In questo mese di gennaio l’associazione Amici di Sant’Annibale festeggia il quarantesimo anniversario della sua sede capitolina. Un’occasione per parlare della Congregazione dei Rogazionisti, fondato da Sant’Annibale  per assistere orfani e bisognosi. Infatti, se da una parte la missione dei padri rogazionisti consiste nel pregare e nel promuovere le vocazioni, dall'altra l'esempio del fondatore li porta all'impegno diretto nelle opere di carità e nella presenza fisica accanto ai poveri. Uno dei religiosi della congregazione, che bene riassumono con la loro esperienza di vita questo doppio compito, è sicuramente padre Eros Borile, in passato missionario in Africa durante la terribile stagione della guerra civile ruandese, oggi direttore dell'Istituto Antoniano Maschile - Comunità Sant'Antonio e San Disma a Roma. L’intervista è stata trasmessa nel programma “A conti fatti”, rubrica radiofonica di EconomiaCristiana.it su Radio Vaticana Italia FM 105.0.

 

Partiamo da uno degli assunti dei rogazionisti: che cosa vuol dire “essere buoni operai” della Chiesa?

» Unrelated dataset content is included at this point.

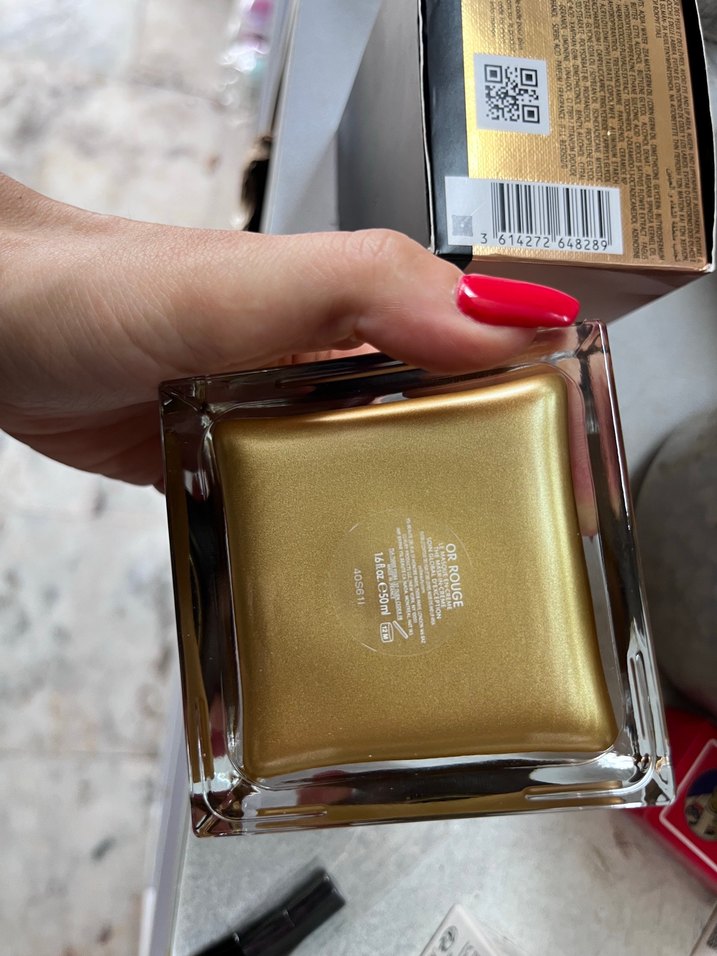 Yves Saint Laurent Parlak Altın Makyaj Ürünü - Görsel 4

I rogazionisti sono figli di Sant'Annibale Maria Di Francia, un sacerdote nato a Messina nel 1851 e morto nella stessa città nel 1927. “Rogazionisti” viene dal latino “rogate”: una parola tratta dai vangeli, in particolare da quelli di Matteo e Luca che riportano queste parole di Gesù: “Pregate dunque il Signore della messe perché mandi operai per la sua messe”. “Pregate” in latino è “rogate”, da cui viene rogazionisti. Il nostro fondatore ha fondato le Suore del Divino Zelo e i Padri Rogazionisti, la Congregazione dei Rogazionisti del Cuore di Gesù.
Rogate; preghiera: il nostro fondatore ci ha insegnato che a poco valgono le opere umane, lo sforzo umano, l'intraprendenza, se vogliamo anche a livello ecclesiale, se non sono accompagnati dalla preghiera. Lui diceva che “rogate” è l'idea-risorsa, è l'opera delle opere. Soltanto se si prega si può sperare di ottenere frutto, di far qualcosa di buono. Poi, lui ha unito alla preghiera la carità, perché nella sua vita ha “incontrato” un quartiere povero di Messina, il quartiere Avignone, dove c'erano bambini abbandonati, ragazze che si prostituivano, tanta povertà, ed è corso in aiuto di questa gente, offrendo un soccorso sia materiale che spirituale. Però, nel suo cuore, si chiedeva che cosa fossero quei pochi orfani, quei poveri che lui salvava, a fronte di tutti quelli che invece erano abbandonati nel mondo intero; capì allora nel proprio cuore l'importanza delle parole di Gesù: pregate il Signore della messe, perché mandi questi apostoli, questi operai del Vangelo, che sono i sacerdoti ma sono anche gli uomini politici, gli educatori, i genitori. Sono quindi anche quei laici impegnati che donano la propria vita per far sì che il mondo diventi migliore; che questo mondo sia impregnato del Vangelo di Gesù Cristo: la sola realtà che possa far sorgere pace, giustizia e fratellanza tra gli uomini. Ci sono, si, dei grandi ideali che l'umanità coltiva, ma c'è bisogno anche di un’energia profonda; e questa energia profonda viene dal Vangelo, viene dallo Spirito. Solo il Signore ci può aiutare a realizzare queste realtà che combattono l'egoismo dell'uomo che sempre ci porta altrove.
Questa è l'esperienza rogazionista: pregare, e nello stesso tempo essere i buoni operai del Vangelo, quindi impegnarsi nella carità; impegnarsi in un'azione concreta che trasfiguri questo mondo all'immagine di Dio, come Dio lo vuole, come Dio lo desidera.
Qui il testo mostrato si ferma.